Intuit reuses patterns across OAs. Built for the candidate who saw this exact problem leak two days before his OA and wondered if anyone had a play. Works on HackerRank, CodeSignal, CoderPad, and Karat.

Max Reward (Intuit India) FAQ

Is this problem asking for the maximum sum or the maximum count of rewards?+

Without the full problem text, it's impossible to say for certain. But "max reward" usually means maximum total value, not count. Check the examples in your OA carefully. If you're unsure, ask yourself: does order matter, and are there penalties for skipping?

Should I use greedy or DP?+

Greedy only works if you can prove a local choice never regrets. Sort by reward, pick the largest, and trace through an example where that fails. If it does, DP is safer. Use state like dp[i] = max reward up to choice i, then try taking or skipping each reward.

How do I prepare for this in 48 hours?+

Practice two things: one classic greedy problem (activity selection, coin change with coins), and one interval DP problem (house robber, word break). That covers both poles. Then read the Intuit problem three times, sketch the state machine, and code it.

What's the most common wrong answer Intuit candidates submit?+

Sorting by reward descending and greedily picking without checking constraints or dependencies. Test your greedy solution against a case where two mid-sized rewards beat one large one. If it fails, you need DP.

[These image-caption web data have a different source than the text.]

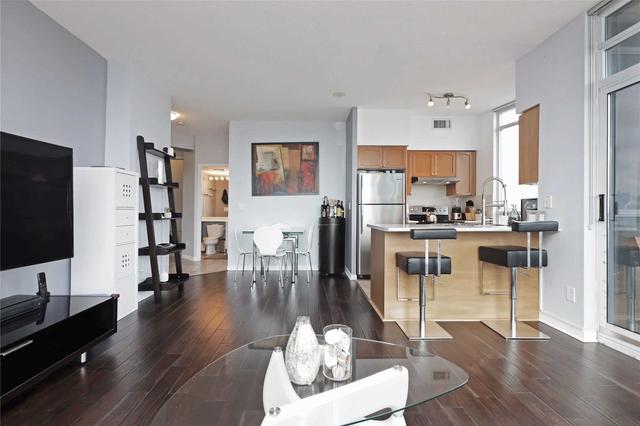 3103 - 219 Fort York Blvd, Condo with 2 bedrooms, 2 bathrooms and 1 parking in Toronto ON | Image 24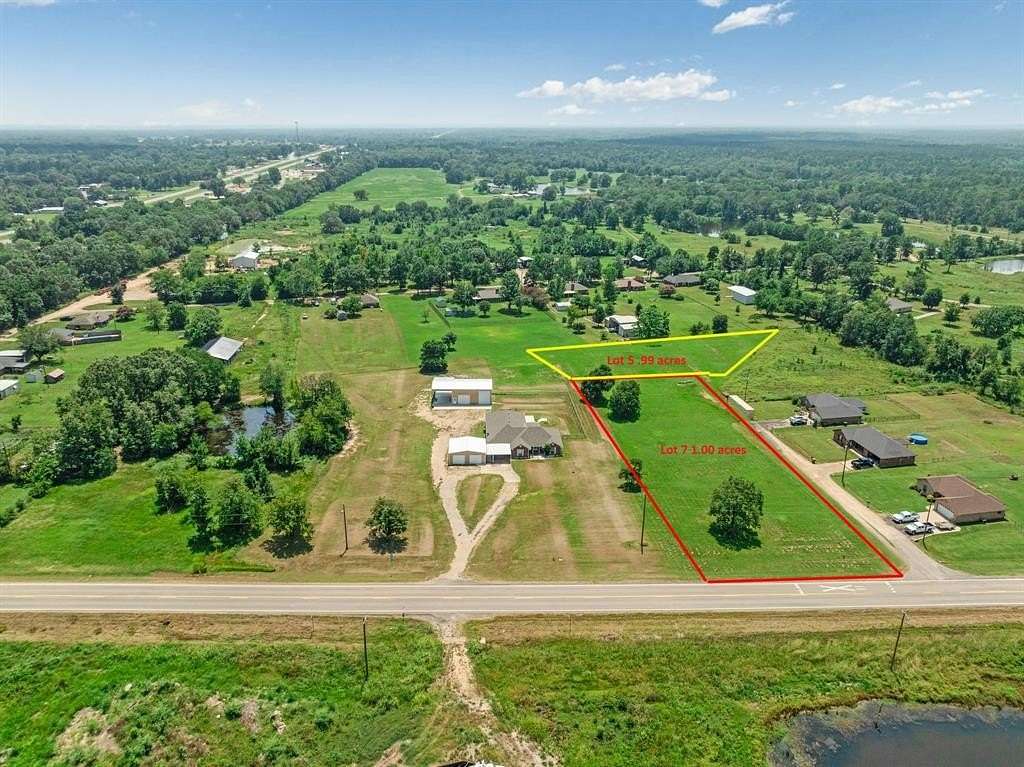 1 Acre of Residential Land for Sale in Powderly, Texas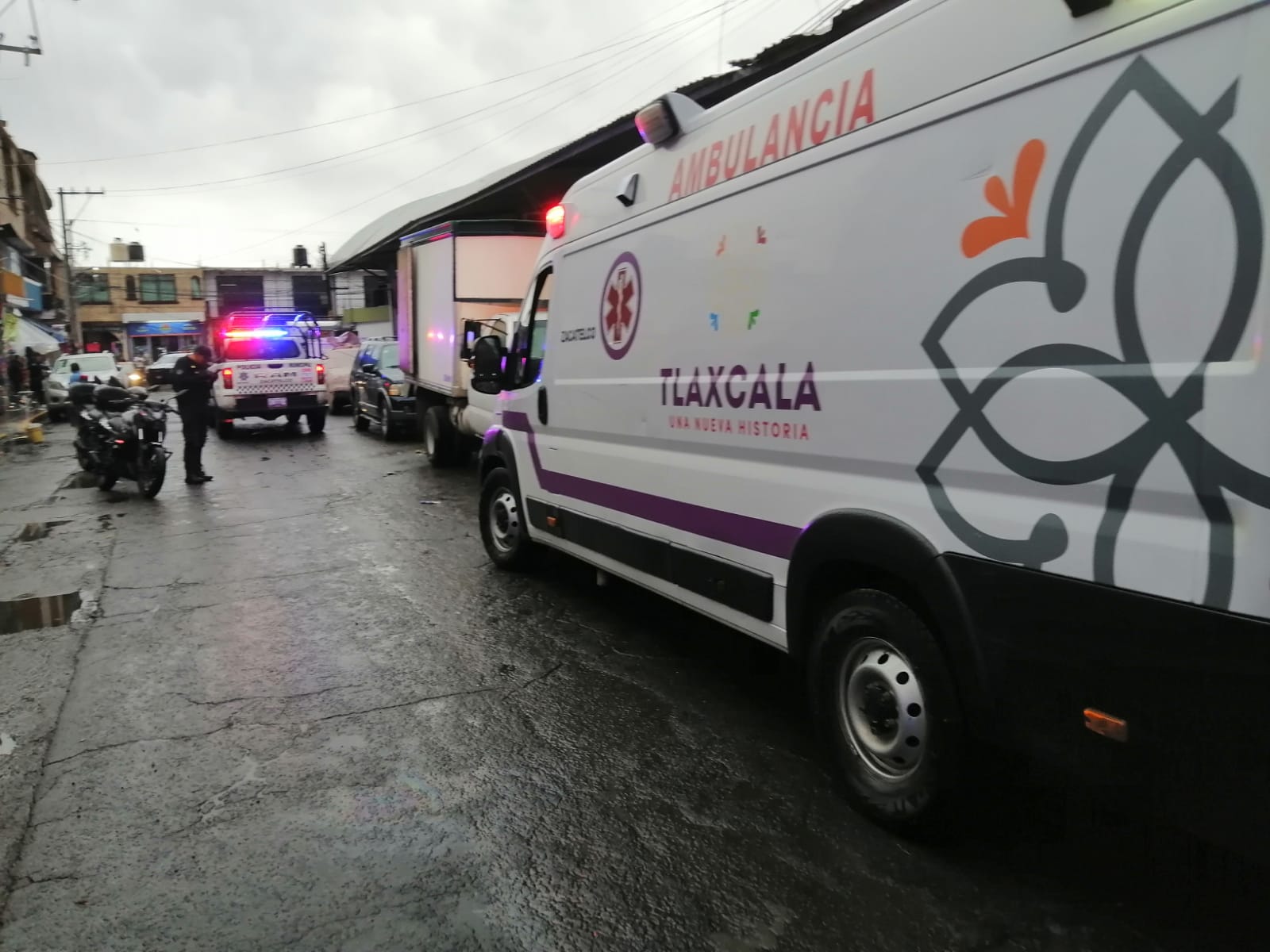Presunta discusión en el mercado de Zacatelco termina con un franelero baleado y un comerciante detenido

Does Intuit ask follow-ups like optimizing space or time?+

Possibly, especially if your first solution is O(n^2). Have a memoized recursive version ready, and know how to optimize space by using a rolling array or two pointers if the DP is 1D.

Problem reported by candidates from a real Online Assessment. Sourced from a publicly-available candidate-aggregated repository. Not affiliated with Intuit.